• **TASK REQUIREMENTS**: Lines before the one containing "Wholesale Colorful Flowers" are left out. Retype that line and the rest through the end of the material exactly.

• **EXTRACTED ENTRIES**:
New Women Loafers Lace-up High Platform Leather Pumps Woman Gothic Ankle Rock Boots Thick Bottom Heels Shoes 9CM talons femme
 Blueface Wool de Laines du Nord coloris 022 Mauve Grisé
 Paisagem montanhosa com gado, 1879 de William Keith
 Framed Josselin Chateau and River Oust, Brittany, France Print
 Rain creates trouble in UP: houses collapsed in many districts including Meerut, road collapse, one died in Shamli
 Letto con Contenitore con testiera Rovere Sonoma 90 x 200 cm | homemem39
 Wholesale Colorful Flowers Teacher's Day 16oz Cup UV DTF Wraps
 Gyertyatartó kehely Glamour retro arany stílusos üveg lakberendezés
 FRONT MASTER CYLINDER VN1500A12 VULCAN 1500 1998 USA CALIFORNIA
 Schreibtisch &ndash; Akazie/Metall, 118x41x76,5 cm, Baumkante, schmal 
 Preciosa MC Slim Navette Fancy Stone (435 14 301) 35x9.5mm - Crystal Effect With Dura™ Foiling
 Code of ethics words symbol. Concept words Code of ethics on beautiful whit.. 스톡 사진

• **REPLY TO THE TASK**:
 Wholesale Colorful Flowers Teacher's Day 16oz Cup UV DTF Wraps
 Gyertyatartó kehely Glamour retro arany stílusos üveg lakberendezés
 FRONT MASTER CYLINDER VN1500A12 VULCAN 1500 1998 USA CALIFORNIA
 Schreibtisch &ndash; Akazie/Metall, 118x41x76,5 cm, Baumkante, schmal 
 Preciosa MC Slim Navette Fancy Stone (435 14 301) 35x9.5mm - Crystal Effect With Dura™ Foiling
 Code of ethics words symbol. Concept words Code of ethics on beautiful whit.. 스톡 사진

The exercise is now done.